The payments interface is also unique in that Apple is pushing very hard to help you not pay interest. It makes recommendations on how to pay chunks of your balance over time before you incur interest. It places 1-3 markers on the circle-shaped interface that show you how much you need to pay off minimum, minimum with no interest and in full. These markers are personalized a bit and can vary depending on balance, due date and payment history.

I really dug hard on how Apple Card data was being handled the last time I wrote about the service, so you should read that for more info. Goldman Sachs is the partner for the card but it absolutely cannot use the data it gathers on transactions via Apple Card for market maps, as chunks of anonymized data it can offer partners about spending habits or any of the typical marketing uses credit card processors get up to. Mastercard and Goldman Sachs can only use the data for operations uses. Credit reporting, remittance, etc.
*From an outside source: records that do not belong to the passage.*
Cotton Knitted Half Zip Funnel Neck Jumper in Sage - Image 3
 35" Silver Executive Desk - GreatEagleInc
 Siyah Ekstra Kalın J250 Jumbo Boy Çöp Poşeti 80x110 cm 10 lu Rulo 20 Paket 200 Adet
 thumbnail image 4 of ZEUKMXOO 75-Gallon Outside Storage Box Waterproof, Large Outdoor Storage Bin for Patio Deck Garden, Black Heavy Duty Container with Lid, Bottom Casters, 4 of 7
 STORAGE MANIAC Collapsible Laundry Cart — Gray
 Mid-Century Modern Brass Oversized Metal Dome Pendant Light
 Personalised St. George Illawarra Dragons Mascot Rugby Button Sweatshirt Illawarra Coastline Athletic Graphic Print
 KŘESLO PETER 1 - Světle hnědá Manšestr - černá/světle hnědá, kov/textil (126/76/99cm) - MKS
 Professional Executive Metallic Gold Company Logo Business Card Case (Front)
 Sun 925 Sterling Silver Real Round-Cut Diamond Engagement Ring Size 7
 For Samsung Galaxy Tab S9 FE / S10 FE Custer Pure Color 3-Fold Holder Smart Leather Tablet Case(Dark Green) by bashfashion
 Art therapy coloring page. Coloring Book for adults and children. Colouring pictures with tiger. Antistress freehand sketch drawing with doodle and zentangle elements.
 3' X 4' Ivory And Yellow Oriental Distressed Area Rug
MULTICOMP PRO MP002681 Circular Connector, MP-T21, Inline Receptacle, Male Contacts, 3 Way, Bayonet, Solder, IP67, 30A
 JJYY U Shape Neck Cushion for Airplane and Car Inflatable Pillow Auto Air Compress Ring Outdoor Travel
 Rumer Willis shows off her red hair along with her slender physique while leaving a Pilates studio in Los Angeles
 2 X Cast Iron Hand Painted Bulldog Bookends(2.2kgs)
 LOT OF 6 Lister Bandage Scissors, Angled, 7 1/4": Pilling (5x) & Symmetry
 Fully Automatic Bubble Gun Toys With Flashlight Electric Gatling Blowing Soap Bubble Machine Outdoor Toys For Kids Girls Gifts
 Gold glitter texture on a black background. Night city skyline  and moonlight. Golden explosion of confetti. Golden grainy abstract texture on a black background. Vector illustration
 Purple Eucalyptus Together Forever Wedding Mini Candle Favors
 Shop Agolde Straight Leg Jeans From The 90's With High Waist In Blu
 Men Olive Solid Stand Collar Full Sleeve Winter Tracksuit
And Apple itself neither collects nor views anything about where you shopped, what you bought or how much you paid.

And, as advertised, there are no fees with Apple Card.

One thing I do hope that Apple Card adds is an ability to see and filter out recurring payments and subscriptions. This fits with the fiscal responsibility theme it’s shooting for with the payments interface and it’s sorely lacking in most first party apps.

Some nice design touches beyond the transaction maps, the color grading that mirrors purchases and the far more readable interface is a pleasant metallic sheen that is activated on device tilt.

My physical card isn’t here yet so I can’t really evaluate that part of it. But it is relatively unique in that it is nearly featureless, with no printed number, expiration, signature or security codes on its surface.

The titanium Apple Card comes in a package with an NFC chip that allows you to simply tap your phone to the envelope to begin the process of activating your card. No phone numbers to call and, heavens forbid, no 1-800 stickers on the surface of the card.

I can say that this is probably the first experience most people will ever have with a virtual credit card number. The physical card has a ‘hard coded’ number that cannot be changed. You never need to know it because it’s only used in in-person transactions. If it ever gets compromised, you can request a new card and freeze the old one in the app.

For online purchases that do not support Apple Pay, you have a virtual card number in the Wallet app. You enter that number just as you would any other card number and it’s automatically added to your Safari auto-fill settings when you sign up for Apple Card.

The advantage to this, of course, is that if it’s ever compromised, you can hit a button to request an entirely new number right from within the app. Notably, this is not a ‘per transaction’ number — it’s a semi-permanent virtual number. You keep it around until you have an issue. But when you do have a problem, you’ve got a new number instantly, which is far superior to having to wait for a new physical card just to continue making online purchases.

Some banks like Bank of America and Citibank already offer virtual options for online purchases, and third party services like Privacy.com also exist. But this is the beginning of the mainstreaming of VCCs. And it’s a good thing.